● The input
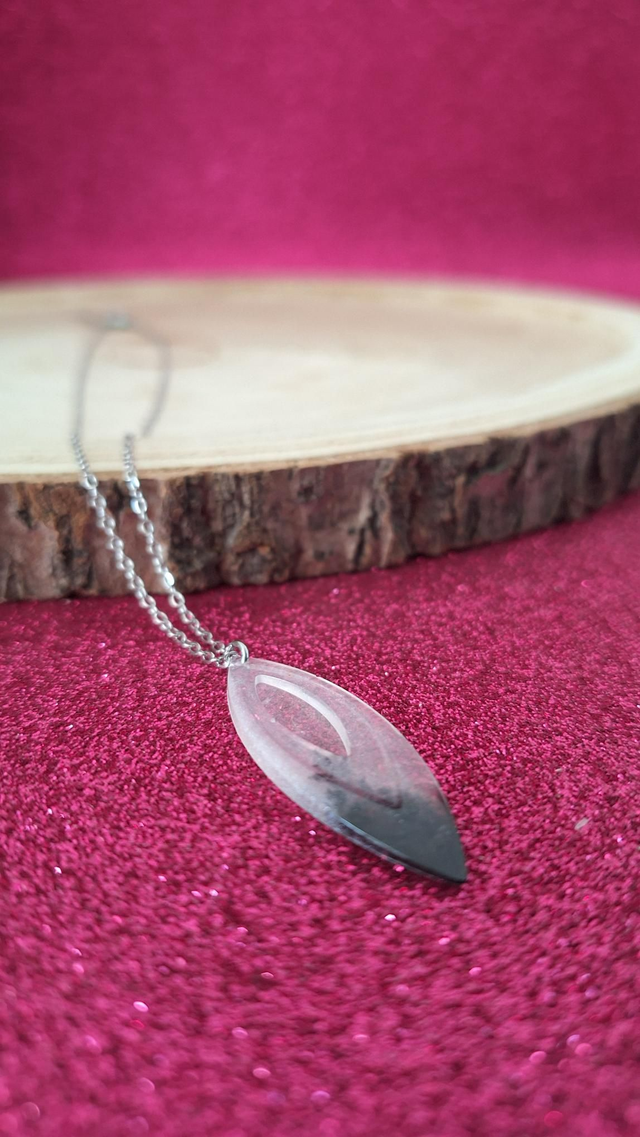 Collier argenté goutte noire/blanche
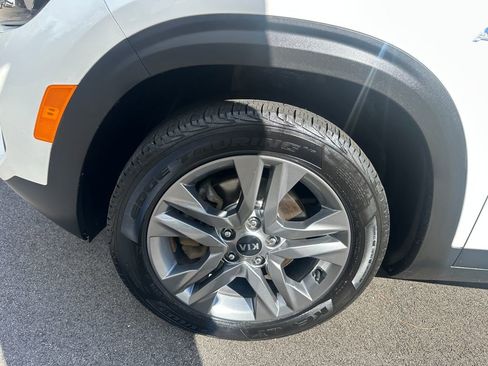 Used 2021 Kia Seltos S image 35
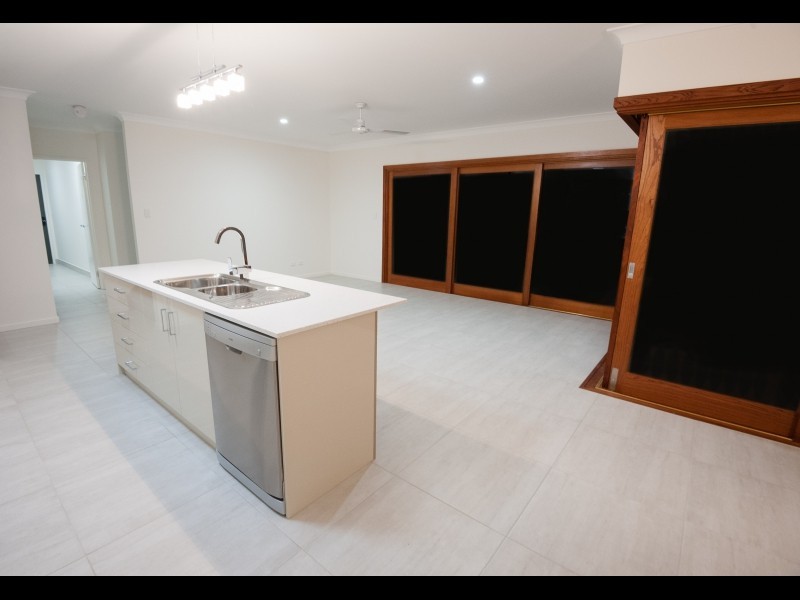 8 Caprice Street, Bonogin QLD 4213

==

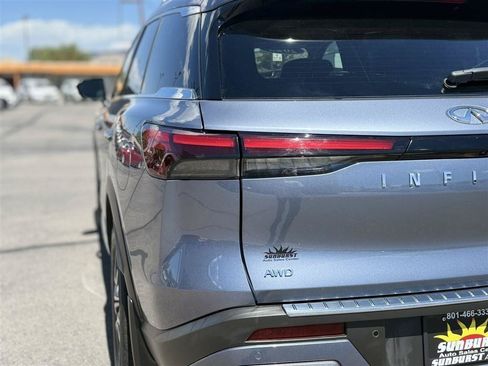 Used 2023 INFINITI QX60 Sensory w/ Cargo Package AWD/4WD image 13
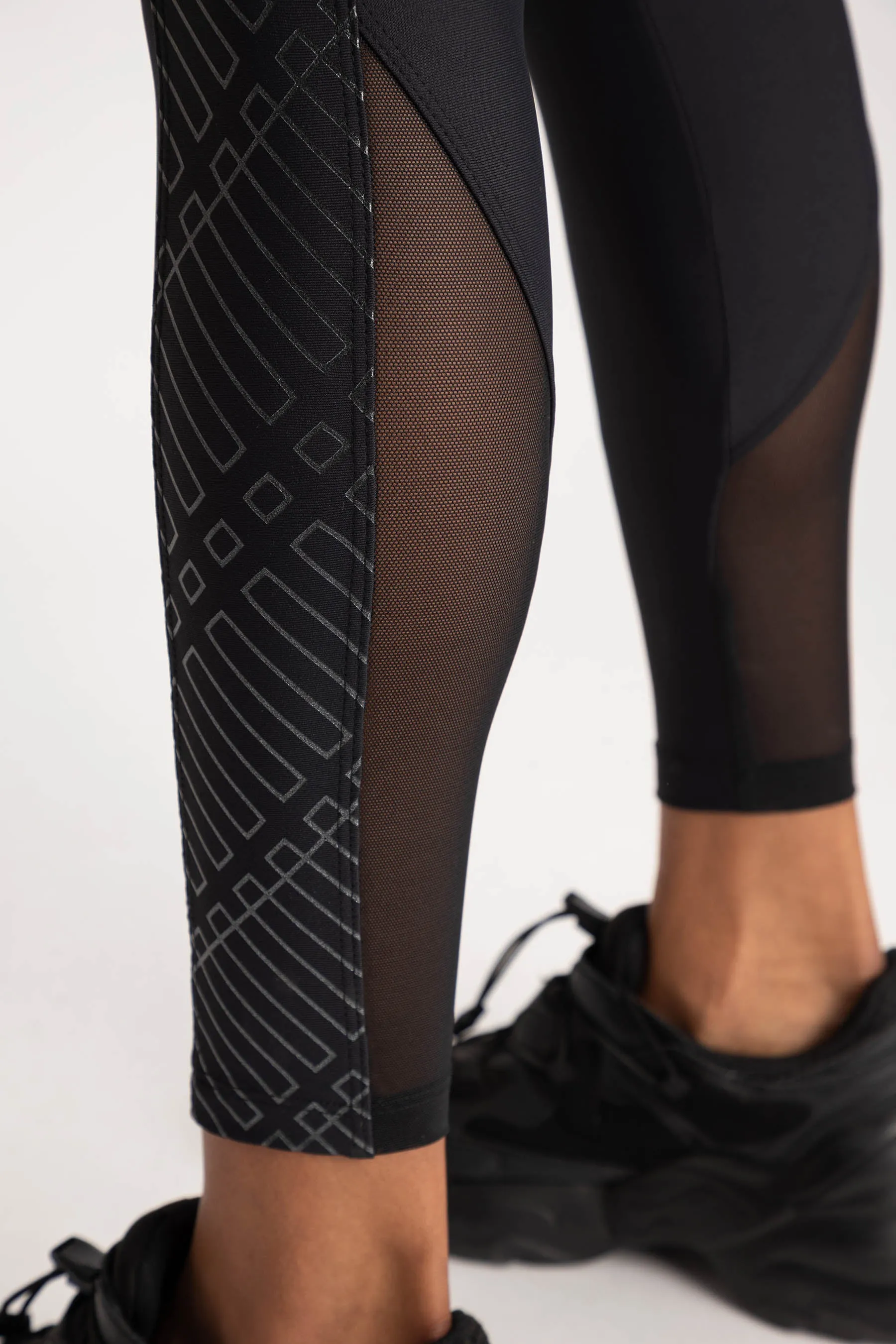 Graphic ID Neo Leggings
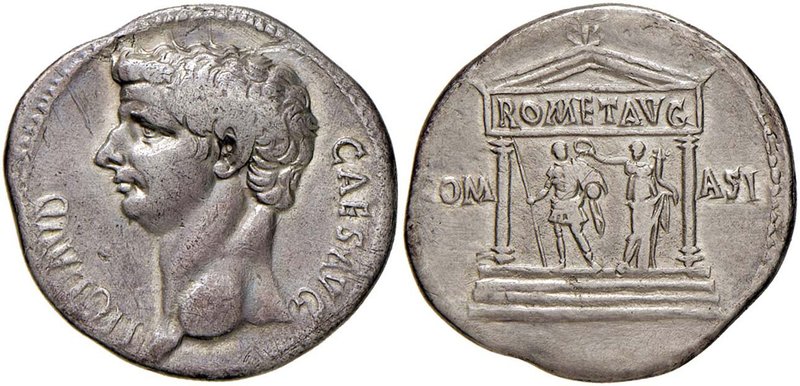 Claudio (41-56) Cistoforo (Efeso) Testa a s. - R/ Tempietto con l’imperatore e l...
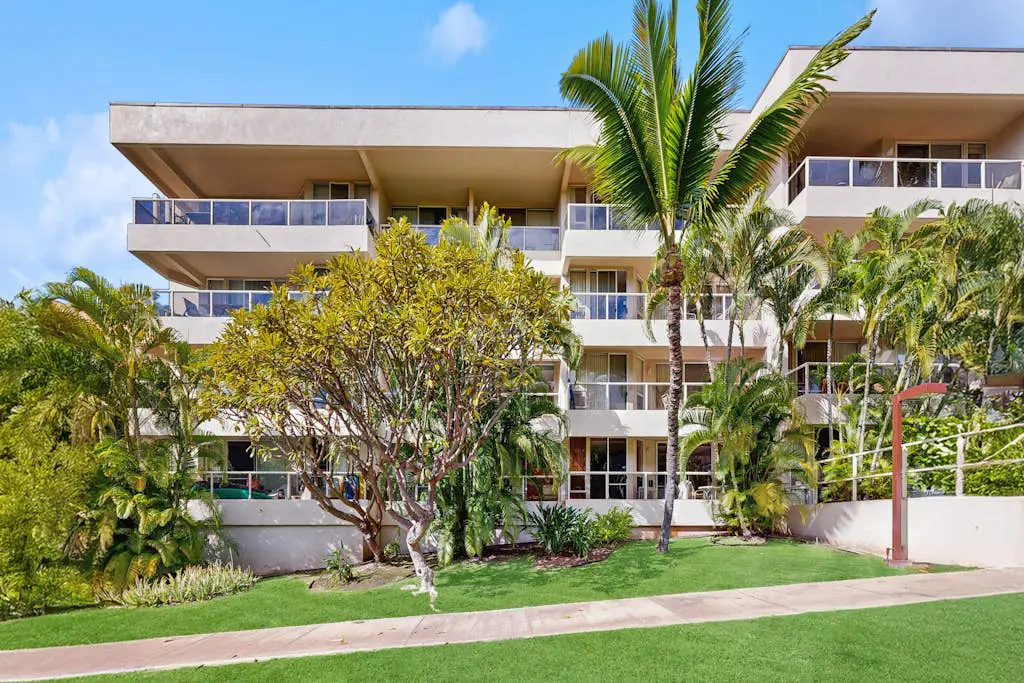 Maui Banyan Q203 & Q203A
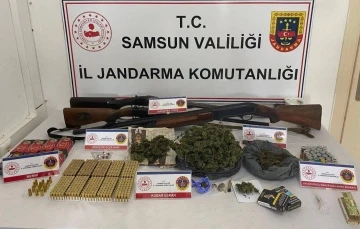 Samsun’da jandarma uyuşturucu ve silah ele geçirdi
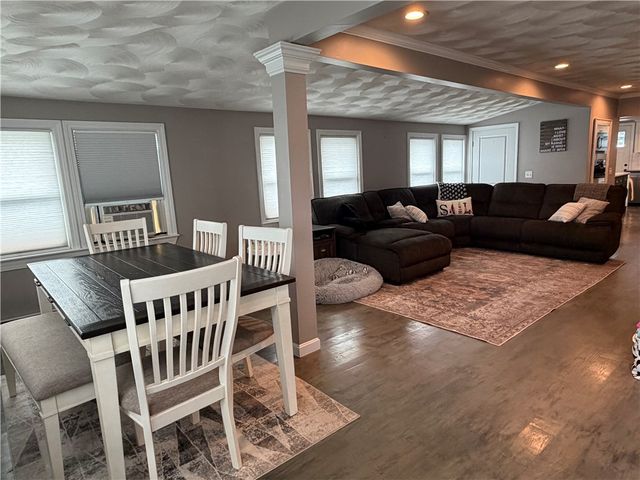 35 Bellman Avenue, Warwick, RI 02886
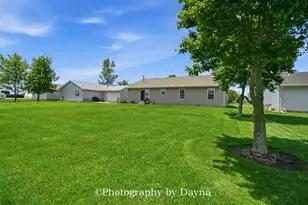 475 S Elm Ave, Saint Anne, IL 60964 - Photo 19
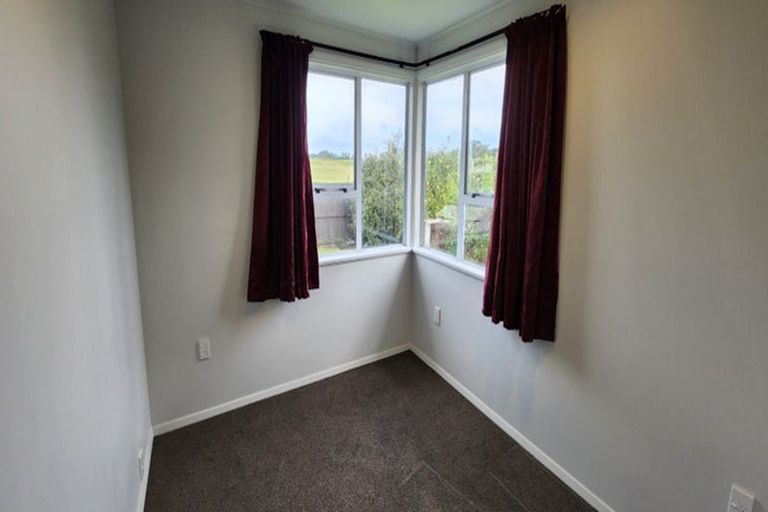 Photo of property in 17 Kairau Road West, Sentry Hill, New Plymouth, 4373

● Try it
Print exactly the lines above that run from the one with "475 S Elm Ave, Saint" to the one with "Photo of property", both included. No pictures.

● Answer to this problem
 475 S Elm Ave, Saint Anne, IL 60964 - Photo 19
 Photo of property in 17 Kairau Road West, Sentry Hill, New Plymouth, 4373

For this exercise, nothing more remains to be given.